These books on the pulpit this morning are hymnals – most Nazarene, although 1 Methodist – and there are songs in here that connect me to my childhood. There’s a song that we’ve sung here that transports me back to a church of my youth – one with black and white pews and Sunday night pick-a-songs. It is ‘And the trees of the field will clap their hands, the trees of the field will clap their hands, the trees of the field will clap their hands as we go out with joy’. Music is a way for us to time travel, to remember how we felt, to remember what we did – it takes us to that moment when we connected to our surroundings through the template of the perfect song.
Since the God who created us sang over us at the dawn of time, it should come as no surprise that the largest book of the Bible, in terms of number of chapters, is the one that brings with it music – or at least lyrics.
Psalm lives as a testament to our connection to God – the book is scripture passages that connect us emotionally with God. And that is the spirit of worship – we are connected to God through every part of who we are – including our emotions.

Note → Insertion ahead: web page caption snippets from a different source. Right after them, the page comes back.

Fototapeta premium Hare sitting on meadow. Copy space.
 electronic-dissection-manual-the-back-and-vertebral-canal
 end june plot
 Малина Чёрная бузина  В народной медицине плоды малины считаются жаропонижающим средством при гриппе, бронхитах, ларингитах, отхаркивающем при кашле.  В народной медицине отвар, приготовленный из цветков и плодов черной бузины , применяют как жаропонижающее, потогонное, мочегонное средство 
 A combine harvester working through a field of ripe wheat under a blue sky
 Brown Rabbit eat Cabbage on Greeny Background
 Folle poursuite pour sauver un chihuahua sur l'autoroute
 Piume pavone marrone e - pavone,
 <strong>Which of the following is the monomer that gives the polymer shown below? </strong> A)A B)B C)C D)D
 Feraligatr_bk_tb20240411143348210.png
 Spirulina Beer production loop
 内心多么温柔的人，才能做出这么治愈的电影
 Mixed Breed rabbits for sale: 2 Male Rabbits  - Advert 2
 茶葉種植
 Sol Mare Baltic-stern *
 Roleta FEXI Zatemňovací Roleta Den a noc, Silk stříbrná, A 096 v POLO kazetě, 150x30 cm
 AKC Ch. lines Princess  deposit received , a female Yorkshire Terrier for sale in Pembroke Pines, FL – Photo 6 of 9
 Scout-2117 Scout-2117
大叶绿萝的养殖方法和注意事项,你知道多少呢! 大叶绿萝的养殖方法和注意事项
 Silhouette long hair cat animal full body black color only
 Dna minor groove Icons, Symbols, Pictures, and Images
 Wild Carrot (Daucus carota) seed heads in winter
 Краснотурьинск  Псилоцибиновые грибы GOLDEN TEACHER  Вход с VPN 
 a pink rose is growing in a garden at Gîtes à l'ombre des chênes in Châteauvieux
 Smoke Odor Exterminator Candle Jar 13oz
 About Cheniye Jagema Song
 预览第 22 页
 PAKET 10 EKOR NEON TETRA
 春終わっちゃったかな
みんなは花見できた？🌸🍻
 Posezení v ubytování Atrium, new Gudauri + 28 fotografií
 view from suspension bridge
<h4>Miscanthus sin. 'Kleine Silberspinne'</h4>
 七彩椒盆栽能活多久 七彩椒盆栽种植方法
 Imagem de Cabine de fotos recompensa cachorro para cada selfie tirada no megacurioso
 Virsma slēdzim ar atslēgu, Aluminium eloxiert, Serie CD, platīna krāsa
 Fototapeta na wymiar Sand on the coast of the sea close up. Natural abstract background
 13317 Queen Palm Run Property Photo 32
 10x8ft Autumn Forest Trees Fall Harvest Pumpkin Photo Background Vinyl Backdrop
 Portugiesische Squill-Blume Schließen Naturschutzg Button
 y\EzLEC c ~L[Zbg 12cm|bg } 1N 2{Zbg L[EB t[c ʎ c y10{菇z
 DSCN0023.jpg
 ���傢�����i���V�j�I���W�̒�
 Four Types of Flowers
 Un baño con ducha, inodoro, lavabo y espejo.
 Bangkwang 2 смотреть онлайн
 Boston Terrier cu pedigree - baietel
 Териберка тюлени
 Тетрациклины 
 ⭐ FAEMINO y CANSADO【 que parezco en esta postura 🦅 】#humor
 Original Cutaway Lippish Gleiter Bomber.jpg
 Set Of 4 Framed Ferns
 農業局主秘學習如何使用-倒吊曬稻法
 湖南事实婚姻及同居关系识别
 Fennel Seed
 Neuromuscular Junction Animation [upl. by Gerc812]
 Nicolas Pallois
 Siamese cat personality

There are many types of psalms preserved for us. We will only talk about 3 – wisdom, lament, and praise. Wisdom is typified in Psalm 1 – I’ll read it for you again. Psalm 1:
Blessed is the one
who does not walk in step with the wicked
or stand in the way that sinners take
or sit in the company of mockers,
but whose delight is in the law of the Lord,
and who meditates on his law day and night.
That person is like a tree planted by streams of water,
which yields its fruit in season
and whose leaf does not wither—
whatever they do prospers.
Not so the wicked!
They are like chaff
that the wind blows away.
Therefore the wicked will not stand in the judgment,
nor sinners in the assembly of the righteous.
For the Lord watches over the way of the righteous,
but the way of the wicked leads to destruction.
Wisdom psalms give us instruction in living a blessed life. These are poems that express for us in word pictures what it means to follow God, to live according to God’s purposes.
Lament is sometimes the hardest for us, because we lean toward joy – we do not want to rest in sorrow, we swerve away from drinking from lament – but the reality is we do lament – we do live in sadness. We do ask questions of God – we do not always understand God’s purpose, and just like Job last week, we wonder why we have to suffer. Lament psalms express that – listen to Psalm 13 again:
How long, Lord? Will you forget me forever?
How long will you hide your face from me?
How long must I wrestle with my thoughts
and day after day have sorrow in my heart?
How long will my enemy triumph over me?
Look on me and answer, Lord my God.
Give light to my eyes, or I will sleep in death,
and my enemy will say, “I have overcome him,”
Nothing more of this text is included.